Exercise instructions: In the material below, the required lines run from the one containing "Made with ❤️" through the one containing "2023 Lincoln Navigator". Copy those lines exactly, ends included, and nothing else.

Materials provided:
((

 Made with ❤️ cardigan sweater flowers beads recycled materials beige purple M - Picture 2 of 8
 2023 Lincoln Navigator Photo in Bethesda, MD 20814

))
((

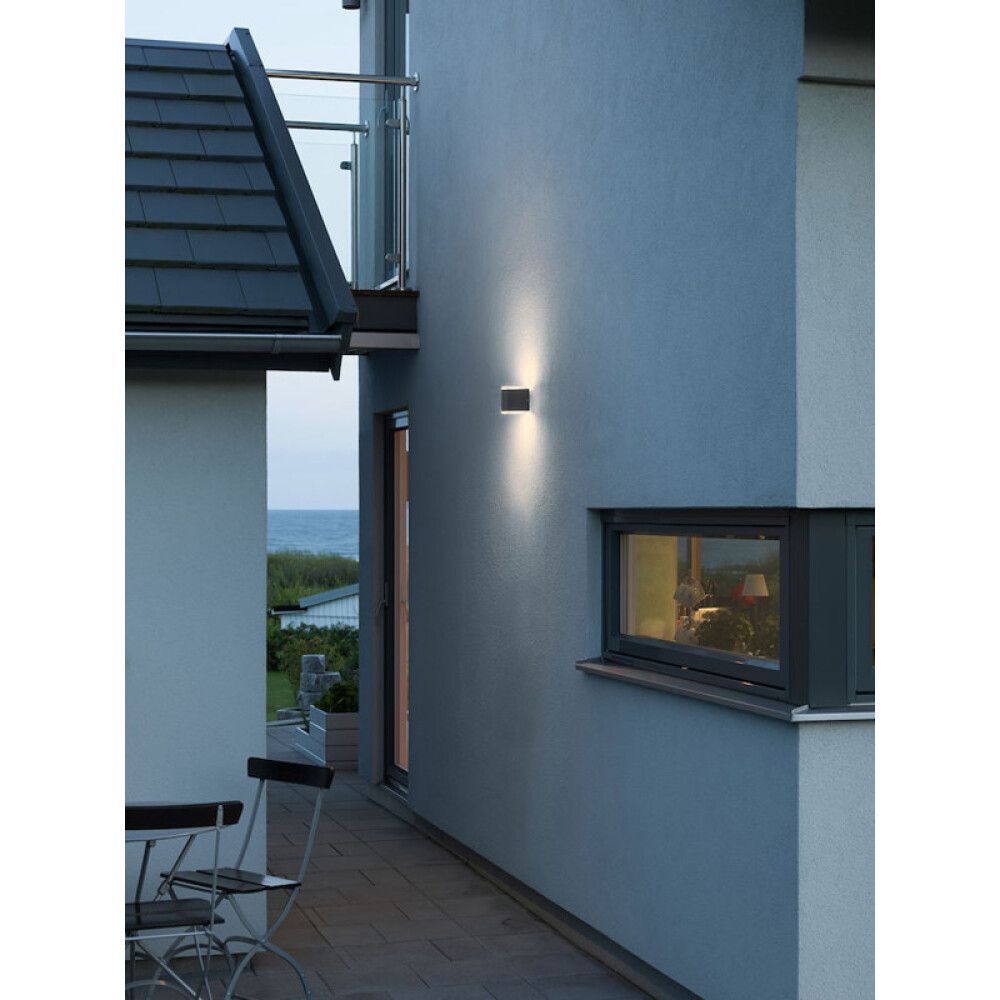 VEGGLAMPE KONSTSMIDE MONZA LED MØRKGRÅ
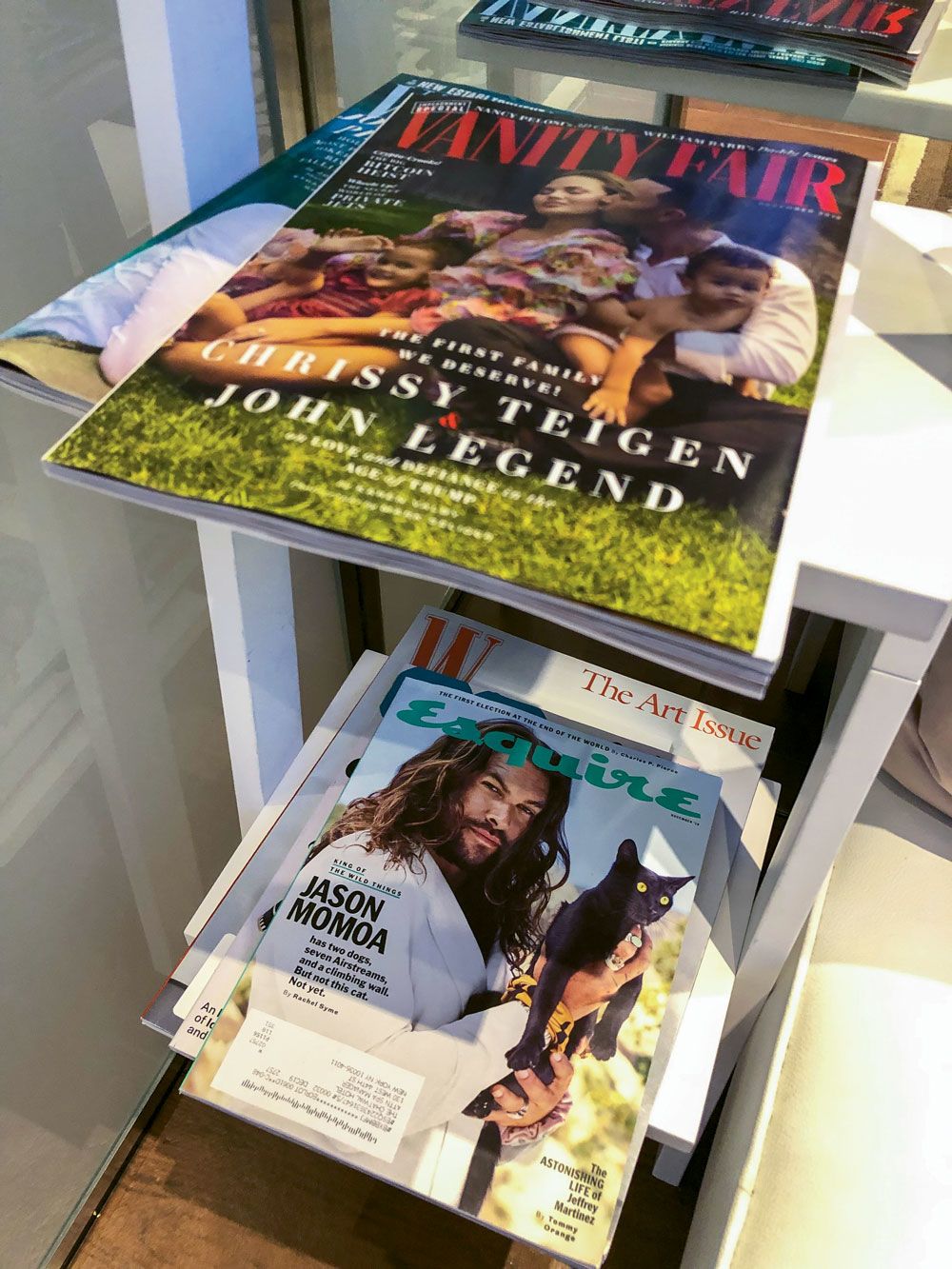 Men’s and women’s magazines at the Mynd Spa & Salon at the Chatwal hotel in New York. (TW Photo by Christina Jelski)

))

Answer box:
 Made with ❤️ cardigan sweater flowers beads recycled materials beige purple M - Picture 2 of 8
 2023 Lincoln Navigator Photo in Bethesda, MD 20814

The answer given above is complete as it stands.